KIND-HEARTED people are urgently needed to step forward and provide a loving home for needy children in Portsmouth.
Portsmouth City Council has launched a desperate appeal for more residents to become foster carer or adoptive parents.
It comes as the demand to provide caring homes for youngsters in the city – some of whom have survived traumatic experiences – is predicted to rise.
Foster carers claim the situation is threatening to ruin the futures of scores of children in the city.
Dianne Gash has been a foster carer in Portsmouth for a total of 25 years, providing long-term and short-term homes for about 10 children.
The grandmother-of-nine now fears that if more carers don’t come forward, needy youngsters could fall through the cracks.
The 65-year-old said: ‘I am worried that we don’t have enough carers because people don’t understand what foster caring is about.
‘It’s a commitment and something people have to think seriously about but it’s really rewarding. This is about watching these amazing children grow into to amazing adults and hopefully have children of their own.
‘These young people deserve to have a future and a supportive home.’
Portsmouth has 389 children on its books but this is expected to rise to more than 400.

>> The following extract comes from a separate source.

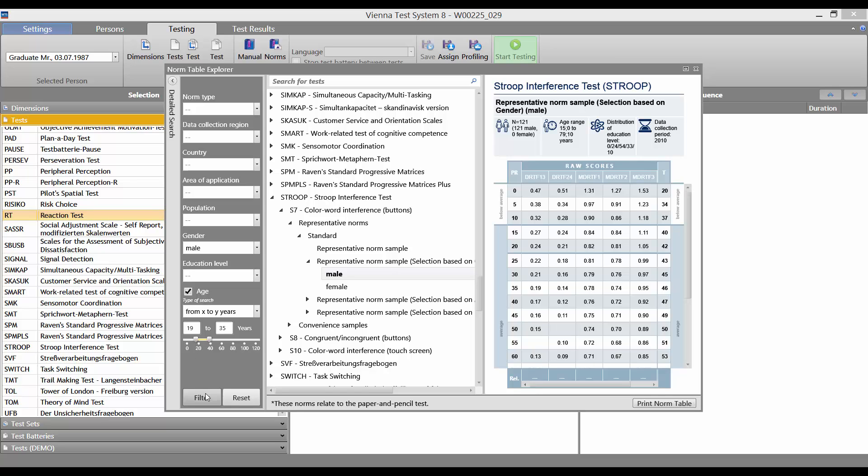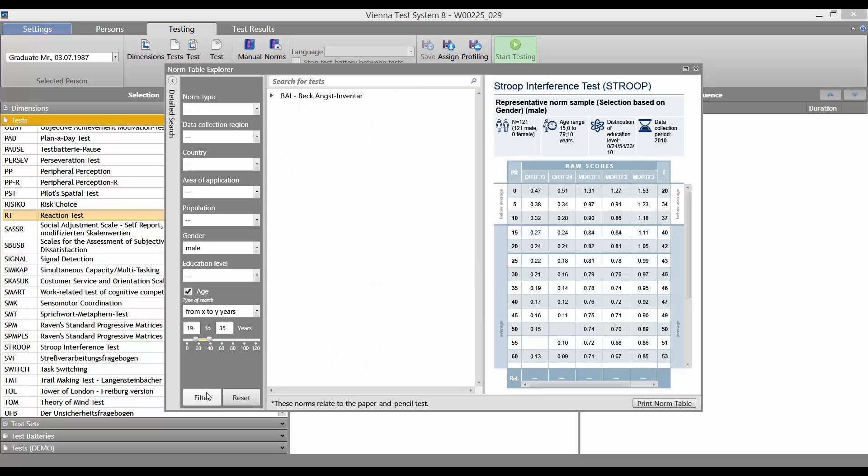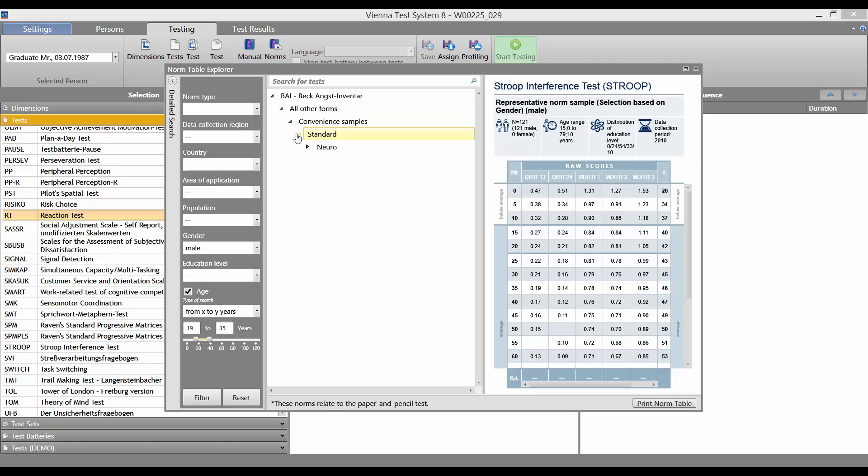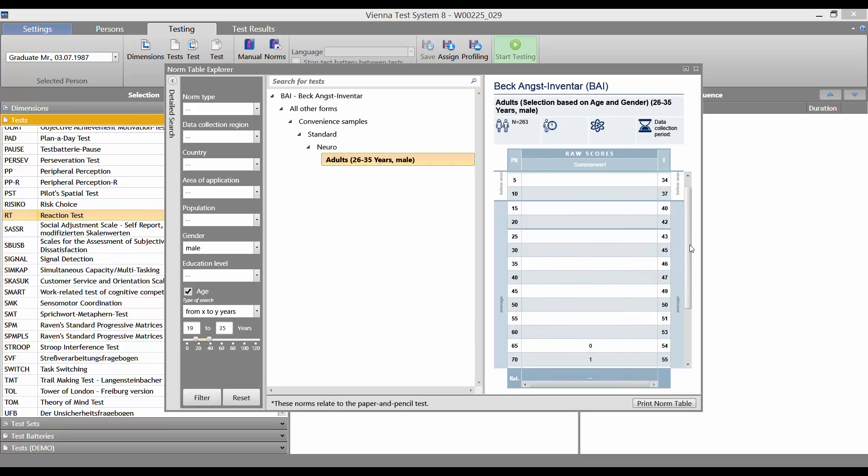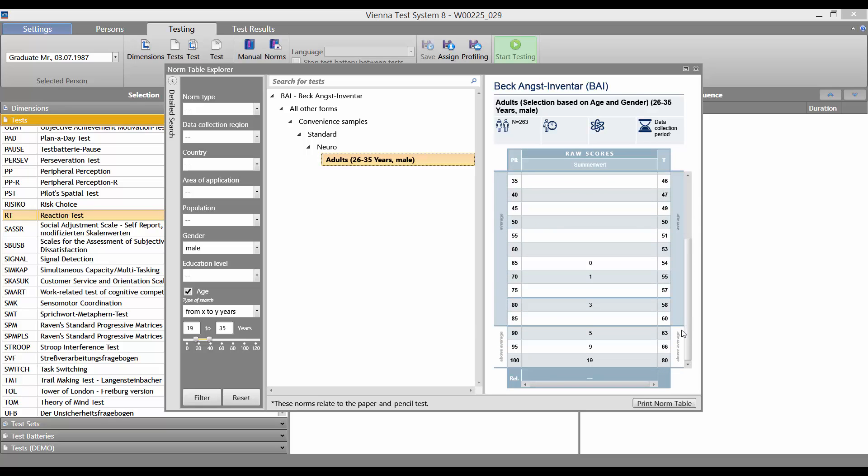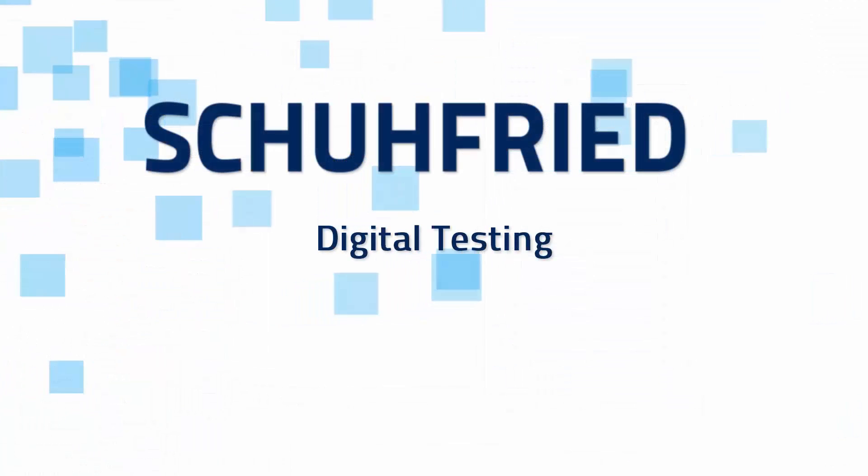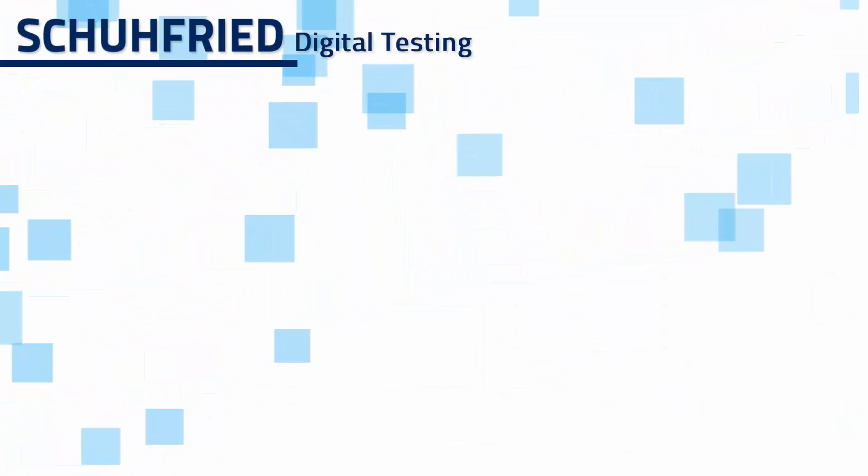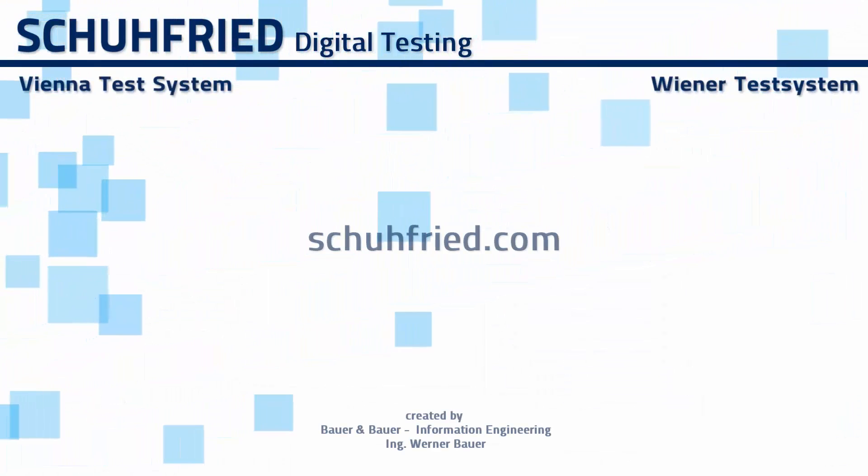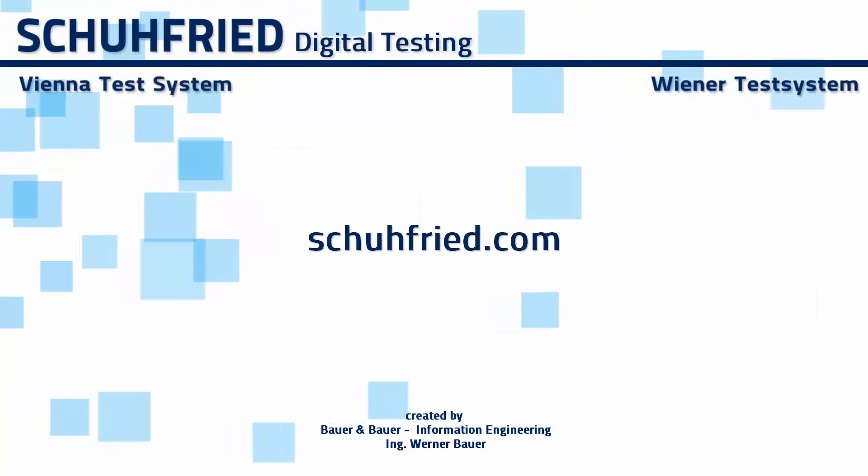Let's click on filter. We then see the results here in the center column. Thank you.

To combat this, the council wants to recruit 50 new foster carers. It also aims to add a further 20 lodging plus carers to its roster, providing a room and out-of-hours support for young people aged 16-24.
Councillor Ryan Brent, the council’s cabinet member for children and families, urged people to sign up.
He said: ‘The new year can be a time for new beginnings and personal reflection, and we need to recruit more foster carers and adoptive families to provide stability and care for some of the city’s most vulnerable children and young people, who need a range of periods of care from short to longer term placements, or a permanent, stable family environment where they can grow, develop and achieve their goals.’
Fostering opportunities range from a stay at home full-time carer for a young child, to providing respite care or fostering a young person while continuing to work full or part-time.
Training is offered with carers receiving around £165-£550 per child in their care.
A drop-in event is being held at Holiday Inn Express in Farlington on Saturday, from 10am to 1pm for more details.